1 Bioinformatics Program, University of the Sciences in Philadelphia, Philadelphia, PA 19104, USA
2 Bioinformatics Program, University of the Sciences in Philadelphia, Philadelphia, PA 19104, USA; Department of Chemistry & Biochemistry, University of the Sciences in Philadelphia, Philadelphia, PA 19104, USA

* To whom correspondence should be addressed.
Zhijun Li, E-mail: z.li{at}usip.edu


   Abstract

Evolutionarily conserved hydrophobic residues at the core of protein structures are generally assumed to play a structural role in protein folding and stability.

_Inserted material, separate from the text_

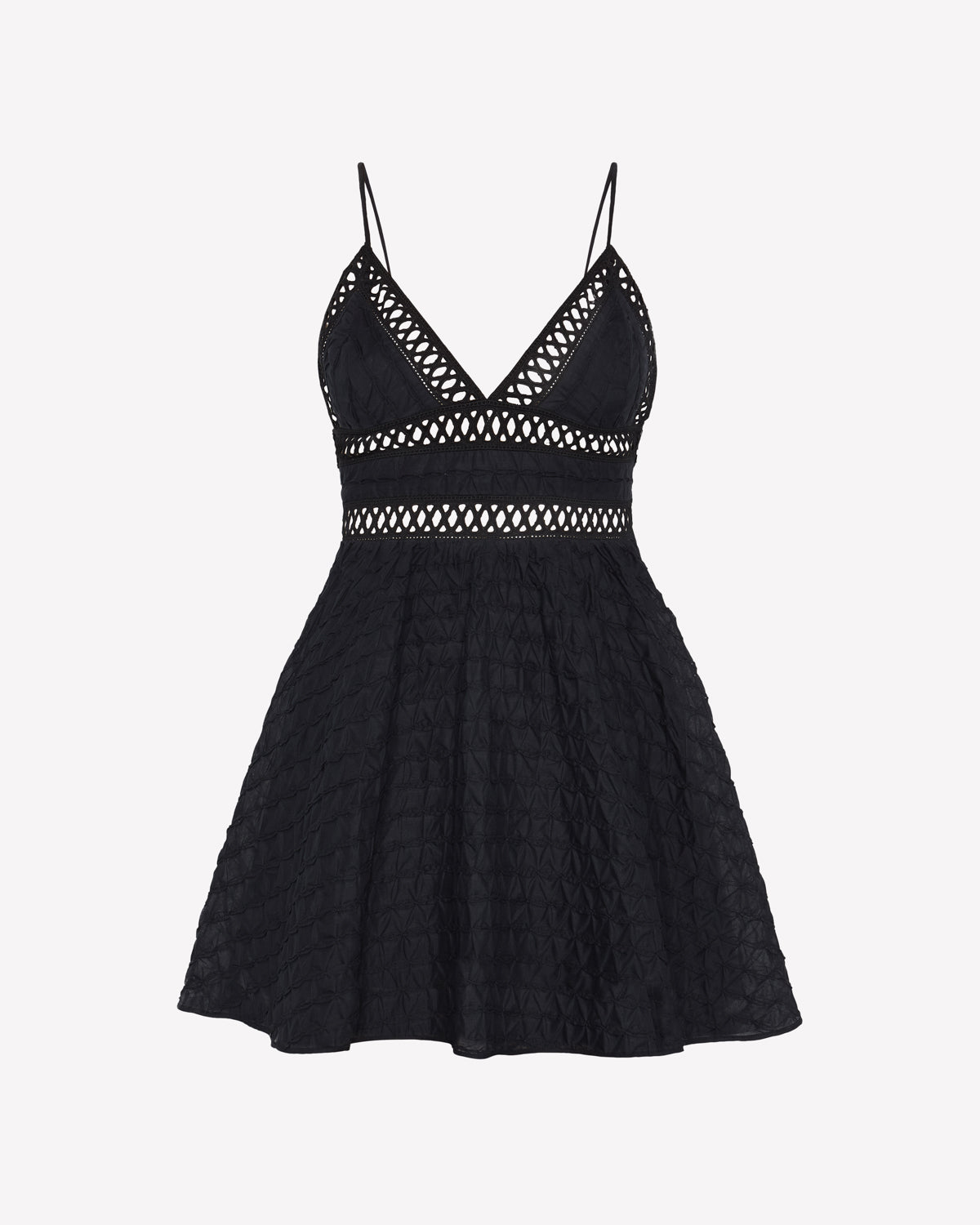 Soft Whisper Dress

Recent studies have implicated that their importance to protein structures is uneven, with a few of them being crucial and the rest of them being secondary. In this work, we explored the possibility of employing this feature of native structures for discriminating non-native structures from native ones. First, we developed a network tool to quantitatively measure the structural contributions of individual amino acid residues. We systematically applied this method to diverse fold-type sets of native proteins. It was confirmed that this method could grasp the essential structural features of native proteins. Next, we applied it to a number of decoy sets of proteins. The results indicate that such an approach indeed identified non-native structures in most test cases. This finding should be of help for the investigation of the fundamental problem of protein structure prediction.

Keywords: connectivity pattern; conserved hydrophobic residue; hub-residue; network; protein structure.